A Facebook “friend” also told The Daily that Aron had written on the site that “he likes Brooklyn more than Tennessee because there are more boys here.” A former neighbor who grew up across the street told the Post that the "oddball...used to give kids rides in cars." After pleading not guilty to charges on Thursday, Aron is currently being held for a psychiatric exam, and put on suicide watch. His lawyer has planted the seeds for an insanity defense, telling the judge: "He hears voices and suffers from hallucinations."
And when it comes to Aron's long, strange written confession, investigators are so confused by the details, it might work. Experts can't make sense of his claims that he invited Leiby to a wedding, and only killed him when he "panicked" after seeing how much attention the missing boy had garnered. "It's highly illogical and makes no sense. If you realize there's a big search out there, okay you might be upset or frightened because you've got the kid, but you let the kid loose on the street," said Lawrence Koblinsky, a professor of forensic science at John Jay College of Criminal Justice. He added that Aron's lack of a violent criminal history, and indications that Leiby wasn't sexually molested, make things even more perplexing, and the crime might "boil down to a psychotic episode. If the guy is psychotic, that would explain a lot of things.

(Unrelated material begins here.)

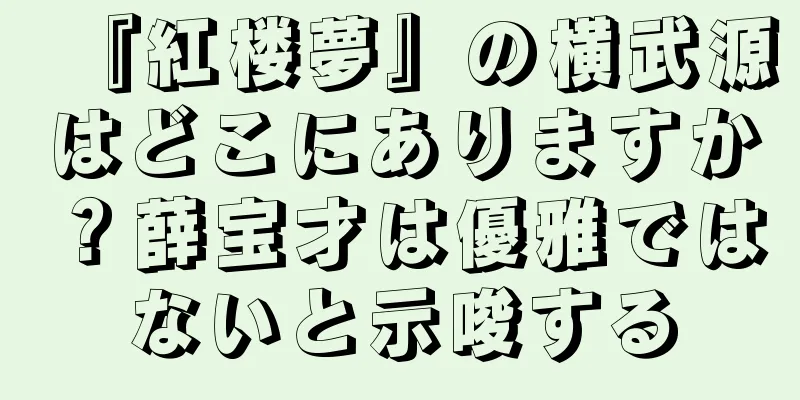 『紅楼夢』の横武源はどこにありますか？薛宝才は優雅ではないと示唆する
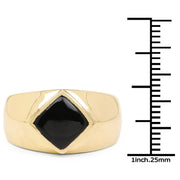 Bids.com 14K Yellow Gold Plated 2.00 Carat Genuine Black Onyx .925 Sterling Silver Ring Rings White Smoke size 8.00,size 9.00,size 6.00,size 7.00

Then, there's no logic to what they do."
But retired NYPD homicide detective Joseph Pollini believes an insanity claim would not succeed: "For him to make such statements such as he panicked, that he was aware they were looking for him, that would take away his ability to claim insanity. For someone to claim insanity, they would have needed not to know what was going on. They'd [have to] be in a different world."
Another person who doesn't buy that Aron is insane is his first ex-wife Diana Diunov, who is currently in jail in Connecticut for wire fraud. Diunov told the Post that Aron had been kind to her and her 10-year-old during their brief marriage, but he had always felt lonely, ostracized and rejected by his own Jewish community: "because he was slow, low-income," he was not considered a "prospective future son-in-law." But she sounds enraged at the prospect of him copping an insanity plea: "So far, they are hammering him and saying that he may be a child molester, may be a loner, may be this, may be that. Nobody said that he is troubled man with the sociopathic behavior, but he is -- and it is doesn't fall in the category of 'not guilty by reason of insanity.' He is sane."
She has her own bizarre theory as to why Aron committed the murder, dismembering the young boy then dumping parts of his body two miles away from his Kensington home: he wanted to be famous. "He always believed that he can become a famous singer one day. That he can write songs...For him, the meeting of this little poor boy was a chance to shine into media and make himself known. He probably believes that he can get off by work of lawyers and God knows who else."